Jenny S. Martinez, the Richard E. Lang Professor of Law, is dean of Stanford Law School. Martinez is an expert on international law and constitutional law, including comparative constitutional law. She is the author of The Slave Trade and the Origins of International Human Rights Law (Oxford University Press, 2012). An experienced litigator, she has worked on cases involving international law and constitutional law issues.
Anne Joseph O’Connell, the Adelbert H. Sweet Professor of Law, is a lawyer and political scientist whose research and teaching focuses on administrative law and the federal bureaucracy. O’Connell has written on such topics as agency and judicial nominations, political appointees, bureaucratic organization (and reorganization), political changes in agency rulemaking, quasi-agencies and congressional oversight of agencies.
Arogyaswami J. Paulraj is a professor (research) of electrical engineering, emeritus, and is the inventor of MIMO wireless communications, a technology that enables improved wireless performance. MIMO is now incorporated into all new wireless systems. He also pioneered MIMO-OFDMA technology, which has become the core of 4G mobile systems.
Thomas A. Rando, professor of neurology and neurological sciences, is the director of the Glenn Center for the Biology of Aging at Stanford and of the Rehabilitation Research and Development Center of Excellence at the Veterans Affairs Palo Alto Health Care System. His research focuses on understanding the biological signals that activate stem cells in response to injury or other environmental cues, particularly in the context of aging.
Kenneth F. Scheve is a professor of political science and a senior fellow at FSI. His research interests are in the fields of international and comparative political economy and comparative political behavior, with particular interest in the behavioral foundations of the politics of economic policymaking. He is currently examining the role of social preferences in opinion formation about tax policy, trade policy and international environmental cooperation. His work also focuses on the political origins of changes in wealth inequality in the 19th and 20th centuries.
Eva Silverstein, professor of physics, explores basic problems in several areas of theoretical physics, including mechanisms for cosmic inflation, supersymmetry breaking, the stabilization of extra dimensions in string theory and the physics of black holes. She is also a principal investigator on the Simons Foundation Origins of the Universe program.
Florencia Torche is a professor of sociology. Her research interests are in social demography, stratification and education. A longer-term area of her research examines inequality dynamics, with a particular focus on educational attainment, assortative mating and the intergenerational transmission of wealth.
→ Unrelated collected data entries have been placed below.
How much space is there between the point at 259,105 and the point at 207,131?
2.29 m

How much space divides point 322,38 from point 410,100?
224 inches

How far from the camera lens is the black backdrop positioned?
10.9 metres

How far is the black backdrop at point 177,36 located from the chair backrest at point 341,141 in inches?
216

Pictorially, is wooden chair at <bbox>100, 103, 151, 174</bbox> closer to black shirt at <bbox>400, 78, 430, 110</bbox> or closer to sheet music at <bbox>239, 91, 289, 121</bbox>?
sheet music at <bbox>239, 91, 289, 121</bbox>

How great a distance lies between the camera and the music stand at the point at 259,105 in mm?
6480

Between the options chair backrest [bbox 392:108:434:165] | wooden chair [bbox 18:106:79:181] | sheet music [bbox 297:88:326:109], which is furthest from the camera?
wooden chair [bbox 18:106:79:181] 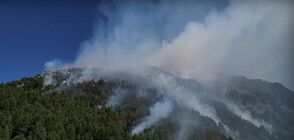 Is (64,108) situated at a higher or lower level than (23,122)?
higher

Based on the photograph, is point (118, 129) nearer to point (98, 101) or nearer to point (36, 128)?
point (36, 128)

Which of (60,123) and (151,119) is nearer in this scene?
(60,123)

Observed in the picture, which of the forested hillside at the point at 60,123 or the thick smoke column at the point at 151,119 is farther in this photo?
the thick smoke column at the point at 151,119

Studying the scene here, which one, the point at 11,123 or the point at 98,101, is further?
the point at 98,101

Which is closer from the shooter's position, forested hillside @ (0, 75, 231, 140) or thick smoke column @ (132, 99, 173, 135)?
forested hillside @ (0, 75, 231, 140)

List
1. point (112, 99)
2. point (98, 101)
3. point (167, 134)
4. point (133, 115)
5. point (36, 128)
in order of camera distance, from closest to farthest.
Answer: point (36, 128)
point (167, 134)
point (133, 115)
point (98, 101)
point (112, 99)

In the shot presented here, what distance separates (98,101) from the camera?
176 meters

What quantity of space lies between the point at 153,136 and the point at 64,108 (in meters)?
48.1

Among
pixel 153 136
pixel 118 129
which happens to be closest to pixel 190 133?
pixel 153 136

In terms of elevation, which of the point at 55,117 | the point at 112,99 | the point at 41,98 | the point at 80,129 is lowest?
the point at 80,129

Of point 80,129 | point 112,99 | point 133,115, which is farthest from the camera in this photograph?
point 112,99

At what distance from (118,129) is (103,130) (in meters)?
7.18

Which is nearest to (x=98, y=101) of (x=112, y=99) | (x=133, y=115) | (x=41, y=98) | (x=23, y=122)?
(x=112, y=99)

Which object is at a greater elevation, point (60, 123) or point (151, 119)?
point (151, 119) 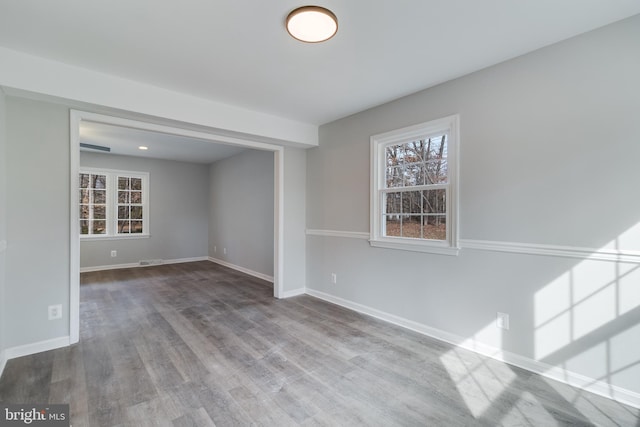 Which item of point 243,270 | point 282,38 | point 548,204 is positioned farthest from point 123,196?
point 548,204

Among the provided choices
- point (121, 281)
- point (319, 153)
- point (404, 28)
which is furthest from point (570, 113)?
point (121, 281)

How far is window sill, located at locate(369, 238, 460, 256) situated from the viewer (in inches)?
111

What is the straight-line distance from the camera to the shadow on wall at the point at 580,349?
1.88 meters

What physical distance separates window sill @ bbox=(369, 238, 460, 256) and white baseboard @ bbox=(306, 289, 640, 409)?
2.58ft

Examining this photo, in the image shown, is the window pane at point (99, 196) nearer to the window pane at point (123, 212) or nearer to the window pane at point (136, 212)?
the window pane at point (123, 212)

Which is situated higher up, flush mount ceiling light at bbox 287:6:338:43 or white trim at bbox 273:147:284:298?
flush mount ceiling light at bbox 287:6:338:43

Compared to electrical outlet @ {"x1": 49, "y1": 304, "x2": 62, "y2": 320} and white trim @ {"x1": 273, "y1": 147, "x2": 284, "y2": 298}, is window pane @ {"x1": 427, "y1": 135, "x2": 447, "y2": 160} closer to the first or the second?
white trim @ {"x1": 273, "y1": 147, "x2": 284, "y2": 298}

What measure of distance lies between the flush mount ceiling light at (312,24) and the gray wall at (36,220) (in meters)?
2.43

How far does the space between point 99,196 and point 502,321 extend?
766 centimetres

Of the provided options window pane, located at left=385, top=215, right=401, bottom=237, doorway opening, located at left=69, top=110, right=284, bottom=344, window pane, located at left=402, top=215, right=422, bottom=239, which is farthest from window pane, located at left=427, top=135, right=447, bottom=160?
doorway opening, located at left=69, top=110, right=284, bottom=344

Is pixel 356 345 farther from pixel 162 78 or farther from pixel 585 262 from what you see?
pixel 162 78

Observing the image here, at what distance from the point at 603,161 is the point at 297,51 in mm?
2377

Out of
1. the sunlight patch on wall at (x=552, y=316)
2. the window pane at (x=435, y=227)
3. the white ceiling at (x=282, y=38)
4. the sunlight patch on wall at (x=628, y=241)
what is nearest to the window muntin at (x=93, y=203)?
the white ceiling at (x=282, y=38)

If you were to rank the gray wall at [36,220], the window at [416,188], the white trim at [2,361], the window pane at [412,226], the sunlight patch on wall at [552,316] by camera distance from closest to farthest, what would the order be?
the sunlight patch on wall at [552,316] < the white trim at [2,361] < the gray wall at [36,220] < the window at [416,188] < the window pane at [412,226] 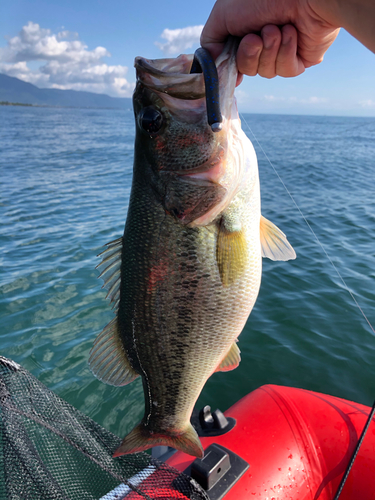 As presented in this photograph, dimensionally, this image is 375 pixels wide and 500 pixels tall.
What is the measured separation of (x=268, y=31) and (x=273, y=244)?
1.25 metres

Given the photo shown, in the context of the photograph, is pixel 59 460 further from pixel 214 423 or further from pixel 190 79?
pixel 190 79

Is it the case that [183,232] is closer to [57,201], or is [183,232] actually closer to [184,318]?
[184,318]

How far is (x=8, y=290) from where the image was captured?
7230 millimetres

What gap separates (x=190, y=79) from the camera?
70.0 inches

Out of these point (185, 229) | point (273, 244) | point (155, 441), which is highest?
point (185, 229)

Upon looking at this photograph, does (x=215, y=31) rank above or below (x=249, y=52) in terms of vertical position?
above

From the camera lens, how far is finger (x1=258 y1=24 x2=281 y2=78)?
1838 mm

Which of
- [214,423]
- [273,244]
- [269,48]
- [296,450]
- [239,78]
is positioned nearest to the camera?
[269,48]

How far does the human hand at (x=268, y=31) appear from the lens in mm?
1757

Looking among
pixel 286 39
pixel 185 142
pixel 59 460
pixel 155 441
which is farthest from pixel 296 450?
pixel 286 39

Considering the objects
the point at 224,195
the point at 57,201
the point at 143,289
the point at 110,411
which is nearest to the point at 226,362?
the point at 143,289

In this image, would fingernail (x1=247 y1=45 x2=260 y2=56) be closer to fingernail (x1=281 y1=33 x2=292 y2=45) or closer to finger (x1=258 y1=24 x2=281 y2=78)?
finger (x1=258 y1=24 x2=281 y2=78)

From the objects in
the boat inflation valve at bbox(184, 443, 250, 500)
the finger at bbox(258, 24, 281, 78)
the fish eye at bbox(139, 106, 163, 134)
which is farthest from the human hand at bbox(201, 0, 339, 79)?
the boat inflation valve at bbox(184, 443, 250, 500)

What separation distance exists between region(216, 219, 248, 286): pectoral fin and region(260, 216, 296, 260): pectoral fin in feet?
1.14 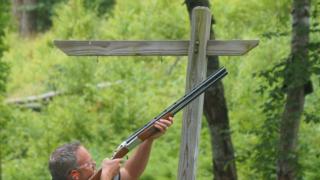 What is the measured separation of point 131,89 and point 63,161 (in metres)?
9.13

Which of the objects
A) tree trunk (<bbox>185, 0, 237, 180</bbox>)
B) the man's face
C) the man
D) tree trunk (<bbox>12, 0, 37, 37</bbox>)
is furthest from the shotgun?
tree trunk (<bbox>12, 0, 37, 37</bbox>)

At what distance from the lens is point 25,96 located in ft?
54.8

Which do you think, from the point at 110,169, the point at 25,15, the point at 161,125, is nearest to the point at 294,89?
the point at 161,125

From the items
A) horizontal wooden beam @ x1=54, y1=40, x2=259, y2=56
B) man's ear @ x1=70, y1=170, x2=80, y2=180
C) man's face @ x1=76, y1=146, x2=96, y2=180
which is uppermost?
horizontal wooden beam @ x1=54, y1=40, x2=259, y2=56

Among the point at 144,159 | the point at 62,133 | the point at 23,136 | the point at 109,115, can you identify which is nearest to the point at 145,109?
the point at 109,115

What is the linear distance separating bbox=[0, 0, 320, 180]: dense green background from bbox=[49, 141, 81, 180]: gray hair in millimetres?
5441

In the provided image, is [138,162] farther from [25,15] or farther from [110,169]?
[25,15]

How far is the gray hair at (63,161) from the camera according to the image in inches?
125

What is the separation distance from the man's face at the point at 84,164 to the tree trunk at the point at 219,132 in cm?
318

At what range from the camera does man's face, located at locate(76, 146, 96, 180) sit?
3.20 metres

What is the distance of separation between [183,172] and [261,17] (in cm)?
757

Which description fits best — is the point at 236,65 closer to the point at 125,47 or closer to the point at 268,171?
the point at 268,171

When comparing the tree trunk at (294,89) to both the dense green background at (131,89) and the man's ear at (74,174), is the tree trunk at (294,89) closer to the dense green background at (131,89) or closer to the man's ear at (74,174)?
the dense green background at (131,89)

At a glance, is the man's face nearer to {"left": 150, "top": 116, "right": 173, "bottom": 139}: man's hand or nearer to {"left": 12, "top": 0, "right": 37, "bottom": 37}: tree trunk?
{"left": 150, "top": 116, "right": 173, "bottom": 139}: man's hand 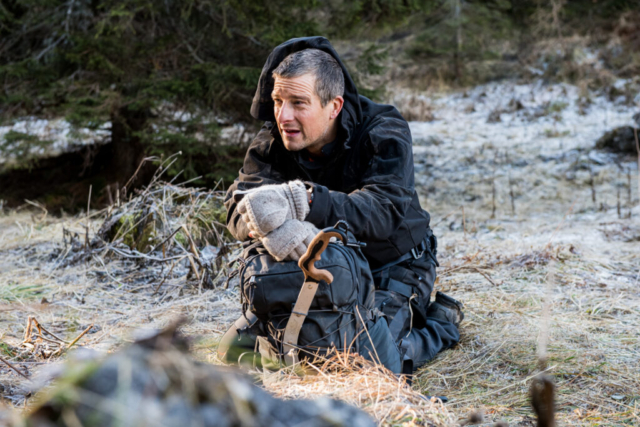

Guadalupe Valdes, the Bonnie Katz Tenenbaum Professor of Education at Stanford Graduate School of Education, is a founding partner of Understanding Language, an initiative at Stanford that focuses attention on the role of language in subject-area learning. Her research explores many of the issues of bilingualism relevant to teachers in training and the role of education in national policies on immigration.
The American Academy of Arts and Sciences serves the nation as a champion of scholarship, civil dialogue and useful knowledge. The academy is committed to interdisciplinary, nonpartisan research that provides pragmatic solutions for complex challenges.